In late October, around 20 boulder problems in Little Cottonwood Canyon, outside Salt Lake City, had holds at or below eye level removed, damaged, or otherwise altered in a single malicious event.
“I want to clarify: This was absolutely not chipping. This person was not trying to make the climbs easier or harder. It was just absolute, violent, destructive vandalism,” said local Mike Beck in a Salt Lake Climber’s Alliance (SLCA) blog post.
Though the community and SLCA have spent thousands of dollars to remedy graffiti and other forms of vandalism in the area, this act targets climbers and is an issue that money can’t fix. The list of altered problems includes classic climbs ranging from V2 to V11, many of them popular projects for locals. All of the problems remain climbable. Some are now easier.

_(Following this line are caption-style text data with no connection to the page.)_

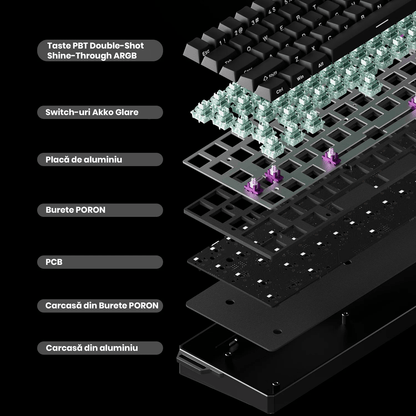 Beasty Alb / Akko Glare Tastatura MONSGEEK FUN60 Ultra Hall Effect Wireless Rapid Trigger Snap Tap Hotswap RGB de Gaming
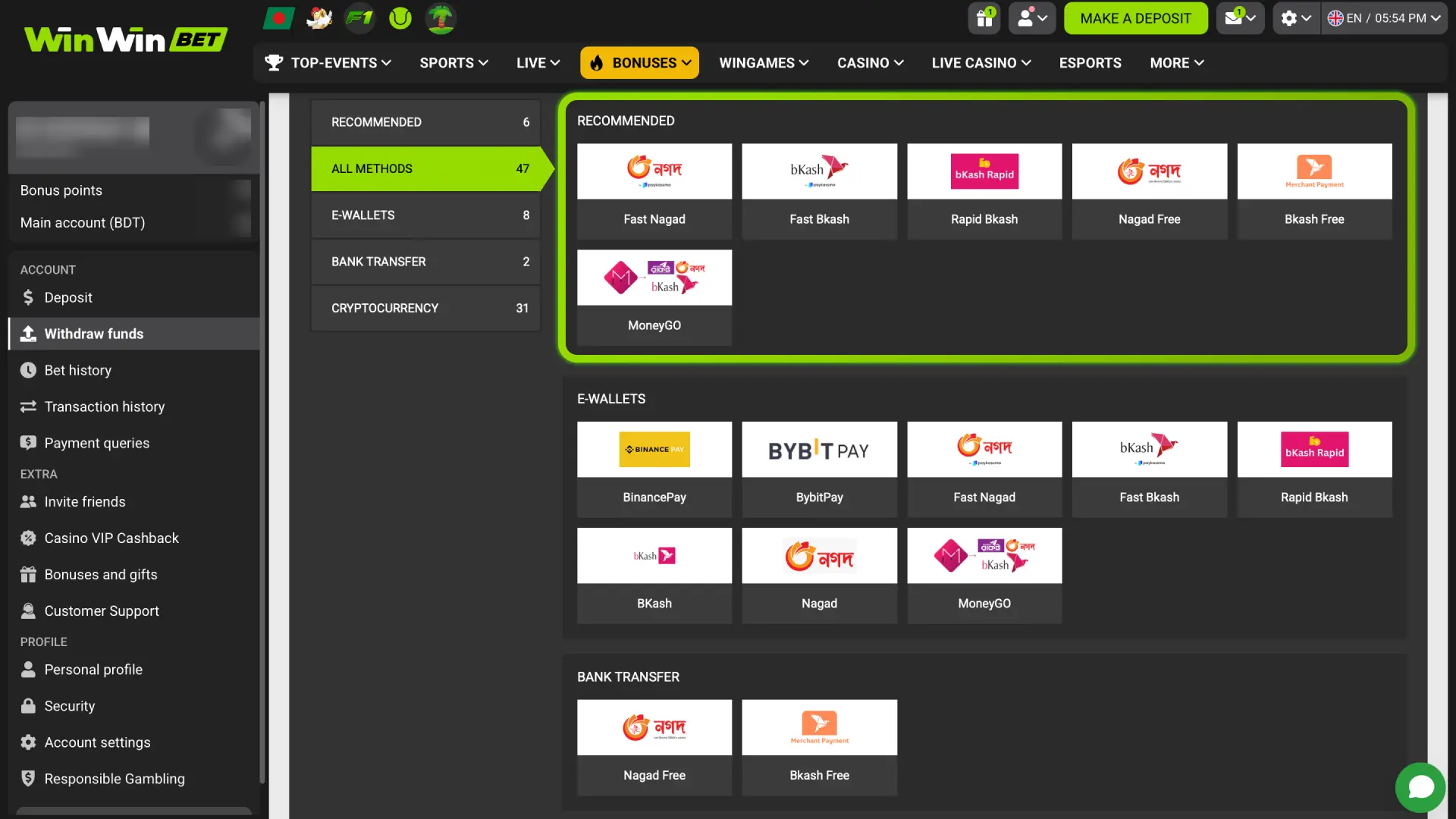 Select bKash, Nagad, Rocket, or crypto on WinWin for withdrawals in Bangladesh.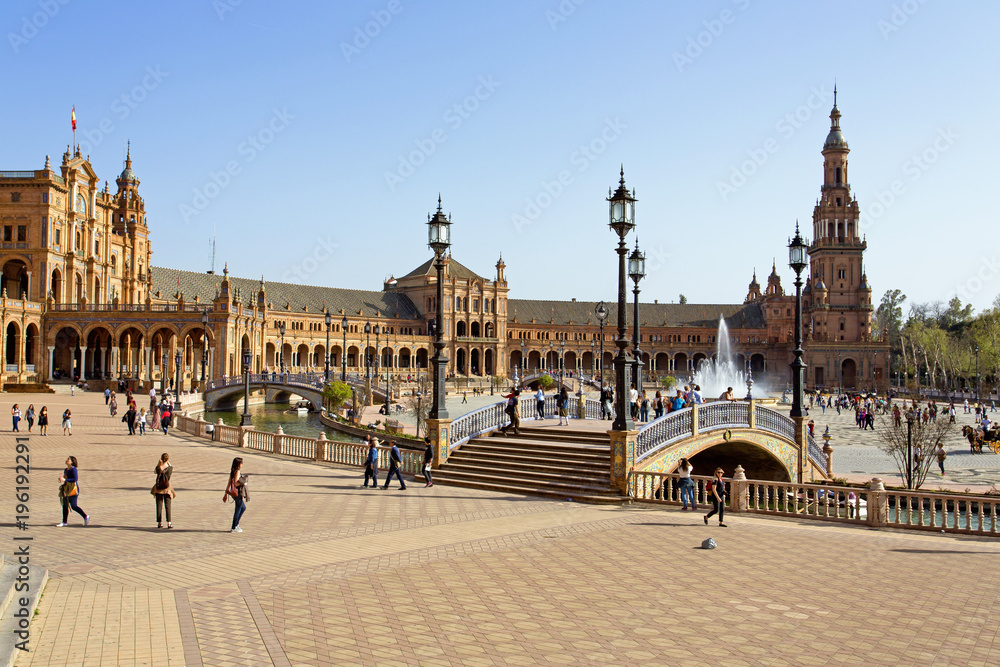 Obraz A beautiful view of Spanish Square, Plaza de Espana, in Seville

While Salt Lake City climbers struggle to understand why Little Cottonwood Canyon was assaulted, the motives for chipping in Las Vegas last year were clear. Meadowlark Lemon (V14) had its crux hold altered to make the problem easier.
Paul Robinson completed the first ascent of Meadowlark in 2012. “Five stars is an understatement for this incredible boulder,” he wrote on 27crags.com. Since then it’s gained a reputation as one of the most aesthetic lines at the grade, and helped fuel the development of hard boulders in Red Rock’s many canyons.
“It’s for sure more of a loss for the community. I don’t know anyone who had anything bad to say about that boulder. It is perfect and it is so sad to now see it ruined for everyone else in the future,” said Robinson.
The alteration was first discovered by Ethan Pringle while he was brushing holds to show the route to friends.
“The crux left hand sloper, the hold that makes the crux move so difficult, had been manipulated, enhanced, manufactured, into a little incut edge,” Pringle said on Instagram. “Surprise turned quickly into sadness, sadness turned into frustration and frustration into anger.”
No one has taken responsibility for either act of vandalism, but the community’s response to both has been unanimous: It’s unacceptable to alter the rock.
Paul Robinson summed up the sentiment: “I was amazed that someone would have chipped this boulder. If you are climbing at that grade there is no excuse whatsoever.”